◆ The task
Set down exactly the lines running from the line with "Mazda CX-5 2.0" to the end of the listing below, both ends included.

Data records START

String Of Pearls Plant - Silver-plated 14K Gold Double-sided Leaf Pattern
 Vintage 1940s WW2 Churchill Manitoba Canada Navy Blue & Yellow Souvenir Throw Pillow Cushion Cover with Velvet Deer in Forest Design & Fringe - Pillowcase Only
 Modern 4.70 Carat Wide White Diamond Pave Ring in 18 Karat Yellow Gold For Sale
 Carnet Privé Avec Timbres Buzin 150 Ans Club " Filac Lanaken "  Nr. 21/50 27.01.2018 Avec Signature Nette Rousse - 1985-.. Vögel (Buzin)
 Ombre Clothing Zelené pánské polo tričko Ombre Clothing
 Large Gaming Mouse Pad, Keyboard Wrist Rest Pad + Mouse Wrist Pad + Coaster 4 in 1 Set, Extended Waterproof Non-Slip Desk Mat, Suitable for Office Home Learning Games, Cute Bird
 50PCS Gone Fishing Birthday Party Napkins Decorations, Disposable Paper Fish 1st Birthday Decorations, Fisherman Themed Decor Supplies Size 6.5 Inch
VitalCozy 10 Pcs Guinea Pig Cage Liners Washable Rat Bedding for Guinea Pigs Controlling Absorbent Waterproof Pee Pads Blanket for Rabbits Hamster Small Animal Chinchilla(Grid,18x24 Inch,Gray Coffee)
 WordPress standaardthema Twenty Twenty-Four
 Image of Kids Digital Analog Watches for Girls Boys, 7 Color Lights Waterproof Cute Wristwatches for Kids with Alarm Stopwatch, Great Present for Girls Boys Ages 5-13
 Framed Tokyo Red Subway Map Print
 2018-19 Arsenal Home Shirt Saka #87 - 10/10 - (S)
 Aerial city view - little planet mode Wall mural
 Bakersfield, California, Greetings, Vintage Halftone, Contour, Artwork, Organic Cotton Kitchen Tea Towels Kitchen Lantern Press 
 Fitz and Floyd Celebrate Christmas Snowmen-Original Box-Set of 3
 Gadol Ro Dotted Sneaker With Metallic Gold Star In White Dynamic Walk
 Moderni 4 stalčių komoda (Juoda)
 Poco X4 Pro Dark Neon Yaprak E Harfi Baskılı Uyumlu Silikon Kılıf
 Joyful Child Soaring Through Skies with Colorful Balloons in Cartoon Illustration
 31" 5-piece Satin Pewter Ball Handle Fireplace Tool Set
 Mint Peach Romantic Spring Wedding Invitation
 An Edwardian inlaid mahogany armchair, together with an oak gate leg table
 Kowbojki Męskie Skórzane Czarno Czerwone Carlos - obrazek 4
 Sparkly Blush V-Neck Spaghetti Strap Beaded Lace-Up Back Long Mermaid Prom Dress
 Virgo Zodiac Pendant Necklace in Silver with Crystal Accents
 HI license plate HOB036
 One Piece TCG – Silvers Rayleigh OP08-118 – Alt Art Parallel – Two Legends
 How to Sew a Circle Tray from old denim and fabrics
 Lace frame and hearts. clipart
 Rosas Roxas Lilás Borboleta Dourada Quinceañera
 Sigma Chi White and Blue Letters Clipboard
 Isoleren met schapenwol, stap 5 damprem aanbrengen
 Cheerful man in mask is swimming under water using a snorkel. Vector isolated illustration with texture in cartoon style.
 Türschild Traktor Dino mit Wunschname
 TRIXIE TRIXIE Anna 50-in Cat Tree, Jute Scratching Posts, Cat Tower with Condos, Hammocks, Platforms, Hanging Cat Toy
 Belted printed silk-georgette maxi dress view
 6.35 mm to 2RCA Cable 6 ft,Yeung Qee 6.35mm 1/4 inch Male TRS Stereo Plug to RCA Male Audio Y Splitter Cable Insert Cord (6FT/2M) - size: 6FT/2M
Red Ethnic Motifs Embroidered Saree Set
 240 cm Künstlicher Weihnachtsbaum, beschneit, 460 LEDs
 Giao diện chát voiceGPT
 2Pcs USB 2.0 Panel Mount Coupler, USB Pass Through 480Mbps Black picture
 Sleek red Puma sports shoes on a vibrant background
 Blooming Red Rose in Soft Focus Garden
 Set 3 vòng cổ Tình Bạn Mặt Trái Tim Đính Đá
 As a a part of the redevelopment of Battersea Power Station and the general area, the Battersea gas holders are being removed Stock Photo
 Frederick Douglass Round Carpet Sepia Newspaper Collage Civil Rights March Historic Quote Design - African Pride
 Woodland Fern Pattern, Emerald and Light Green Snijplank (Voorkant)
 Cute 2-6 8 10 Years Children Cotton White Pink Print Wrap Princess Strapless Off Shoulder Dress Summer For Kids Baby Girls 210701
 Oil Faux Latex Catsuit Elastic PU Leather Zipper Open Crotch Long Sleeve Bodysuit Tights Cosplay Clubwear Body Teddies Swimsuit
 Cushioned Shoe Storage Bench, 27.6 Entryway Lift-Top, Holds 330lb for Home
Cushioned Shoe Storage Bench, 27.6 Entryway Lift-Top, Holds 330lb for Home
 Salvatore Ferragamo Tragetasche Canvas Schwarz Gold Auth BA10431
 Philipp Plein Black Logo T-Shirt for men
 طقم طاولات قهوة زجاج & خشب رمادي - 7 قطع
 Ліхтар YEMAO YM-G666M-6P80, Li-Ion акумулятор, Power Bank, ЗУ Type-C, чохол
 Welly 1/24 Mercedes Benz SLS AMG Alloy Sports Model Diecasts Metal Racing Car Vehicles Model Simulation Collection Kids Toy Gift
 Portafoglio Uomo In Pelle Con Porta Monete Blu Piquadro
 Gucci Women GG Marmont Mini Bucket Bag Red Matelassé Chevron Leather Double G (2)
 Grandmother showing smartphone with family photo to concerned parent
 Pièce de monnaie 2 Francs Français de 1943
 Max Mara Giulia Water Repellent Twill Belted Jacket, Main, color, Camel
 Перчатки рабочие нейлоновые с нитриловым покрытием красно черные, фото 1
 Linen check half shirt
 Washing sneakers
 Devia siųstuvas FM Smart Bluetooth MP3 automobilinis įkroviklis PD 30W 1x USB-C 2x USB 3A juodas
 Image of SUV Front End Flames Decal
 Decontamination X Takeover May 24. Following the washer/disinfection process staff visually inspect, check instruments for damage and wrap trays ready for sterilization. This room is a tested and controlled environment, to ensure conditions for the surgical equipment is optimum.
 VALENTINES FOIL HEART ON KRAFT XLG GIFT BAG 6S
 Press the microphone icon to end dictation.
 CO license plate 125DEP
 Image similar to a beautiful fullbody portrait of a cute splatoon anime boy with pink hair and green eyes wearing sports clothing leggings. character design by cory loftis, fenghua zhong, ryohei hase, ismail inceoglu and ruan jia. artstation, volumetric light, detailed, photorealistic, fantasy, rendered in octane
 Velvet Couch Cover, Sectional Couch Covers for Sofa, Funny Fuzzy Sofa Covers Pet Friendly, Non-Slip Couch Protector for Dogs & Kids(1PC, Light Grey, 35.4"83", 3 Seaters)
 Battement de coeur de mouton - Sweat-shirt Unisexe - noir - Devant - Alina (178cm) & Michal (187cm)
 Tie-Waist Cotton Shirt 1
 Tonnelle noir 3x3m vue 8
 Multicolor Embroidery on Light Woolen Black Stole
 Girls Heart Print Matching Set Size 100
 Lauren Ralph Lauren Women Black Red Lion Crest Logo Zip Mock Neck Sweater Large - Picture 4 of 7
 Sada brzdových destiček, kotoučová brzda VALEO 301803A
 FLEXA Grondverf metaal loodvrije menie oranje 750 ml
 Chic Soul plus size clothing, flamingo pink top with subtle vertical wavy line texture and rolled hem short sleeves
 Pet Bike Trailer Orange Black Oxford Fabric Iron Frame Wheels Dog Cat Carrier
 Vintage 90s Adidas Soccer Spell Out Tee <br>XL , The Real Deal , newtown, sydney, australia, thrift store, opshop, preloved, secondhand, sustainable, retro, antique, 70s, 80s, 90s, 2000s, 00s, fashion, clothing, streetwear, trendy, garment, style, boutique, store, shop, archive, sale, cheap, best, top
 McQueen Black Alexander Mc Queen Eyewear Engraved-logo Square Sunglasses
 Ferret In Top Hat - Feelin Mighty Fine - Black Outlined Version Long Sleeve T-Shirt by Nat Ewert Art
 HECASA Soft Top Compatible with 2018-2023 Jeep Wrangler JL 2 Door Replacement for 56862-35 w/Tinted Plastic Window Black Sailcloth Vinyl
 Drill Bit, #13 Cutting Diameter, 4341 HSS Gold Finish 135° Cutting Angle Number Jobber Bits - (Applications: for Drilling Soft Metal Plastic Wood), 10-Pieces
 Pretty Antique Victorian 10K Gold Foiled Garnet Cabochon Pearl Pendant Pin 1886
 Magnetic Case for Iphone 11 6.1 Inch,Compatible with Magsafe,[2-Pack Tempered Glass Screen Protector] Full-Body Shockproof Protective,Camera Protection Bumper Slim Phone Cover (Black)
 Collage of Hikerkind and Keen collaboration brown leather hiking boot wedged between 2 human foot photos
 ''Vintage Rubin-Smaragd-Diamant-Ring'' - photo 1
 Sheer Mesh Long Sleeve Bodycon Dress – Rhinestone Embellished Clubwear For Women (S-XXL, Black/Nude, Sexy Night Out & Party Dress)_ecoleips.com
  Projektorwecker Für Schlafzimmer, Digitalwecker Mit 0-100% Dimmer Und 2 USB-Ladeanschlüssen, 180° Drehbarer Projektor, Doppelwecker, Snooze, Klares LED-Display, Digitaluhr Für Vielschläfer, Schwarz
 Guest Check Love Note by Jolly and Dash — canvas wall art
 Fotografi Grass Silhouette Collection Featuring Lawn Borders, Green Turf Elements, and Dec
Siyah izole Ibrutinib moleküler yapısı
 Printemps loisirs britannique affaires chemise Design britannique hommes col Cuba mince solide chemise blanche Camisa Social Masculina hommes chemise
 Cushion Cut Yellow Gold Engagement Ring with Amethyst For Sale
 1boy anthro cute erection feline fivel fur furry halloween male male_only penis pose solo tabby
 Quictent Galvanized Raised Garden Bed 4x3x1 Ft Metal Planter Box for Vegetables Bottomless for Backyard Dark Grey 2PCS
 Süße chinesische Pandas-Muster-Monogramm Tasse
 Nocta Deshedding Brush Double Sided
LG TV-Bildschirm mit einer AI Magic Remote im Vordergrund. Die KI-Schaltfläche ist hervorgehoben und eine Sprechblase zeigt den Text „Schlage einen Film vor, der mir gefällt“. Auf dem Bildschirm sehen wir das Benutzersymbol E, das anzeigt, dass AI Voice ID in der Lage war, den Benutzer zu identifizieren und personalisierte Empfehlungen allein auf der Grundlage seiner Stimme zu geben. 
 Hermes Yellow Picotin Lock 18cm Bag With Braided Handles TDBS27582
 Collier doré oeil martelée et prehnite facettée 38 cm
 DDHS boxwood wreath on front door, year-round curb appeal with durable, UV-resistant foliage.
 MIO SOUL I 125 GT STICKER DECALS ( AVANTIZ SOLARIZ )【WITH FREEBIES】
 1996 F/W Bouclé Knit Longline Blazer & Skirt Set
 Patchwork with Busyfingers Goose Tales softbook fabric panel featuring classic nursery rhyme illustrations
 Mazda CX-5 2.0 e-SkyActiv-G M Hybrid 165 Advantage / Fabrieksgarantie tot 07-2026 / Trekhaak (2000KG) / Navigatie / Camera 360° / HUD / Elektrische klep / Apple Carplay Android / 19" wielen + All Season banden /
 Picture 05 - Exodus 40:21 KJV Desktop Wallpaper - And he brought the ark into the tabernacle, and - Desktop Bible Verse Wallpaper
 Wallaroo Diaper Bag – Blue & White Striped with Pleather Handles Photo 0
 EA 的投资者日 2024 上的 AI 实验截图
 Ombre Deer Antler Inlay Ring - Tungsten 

Data records END

◆ Expected answer
 Mazda CX-5 2.0 e-SkyActiv-G M Hybrid 165 Advantage / Fabrieksgarantie tot 07-2026 / Trekhaak (2000KG) / Navigatie / Camera 360° / HUD / Elektrische klep / Apple Carplay Android / 19" wielen + All Season banden /
 Picture 05 - Exodus 40:21 KJV Desktop Wallpaper - And he brought the ark into the tabernacle, and - Desktop Bible Verse Wallpaper
 Wallaroo Diaper Bag – Blue & White Striped with Pleather Handles Photo 0
 EA 的投资者日 2024 上的 AI 实验截图
 Ombre Deer Antler Inlay Ring - Tungsten 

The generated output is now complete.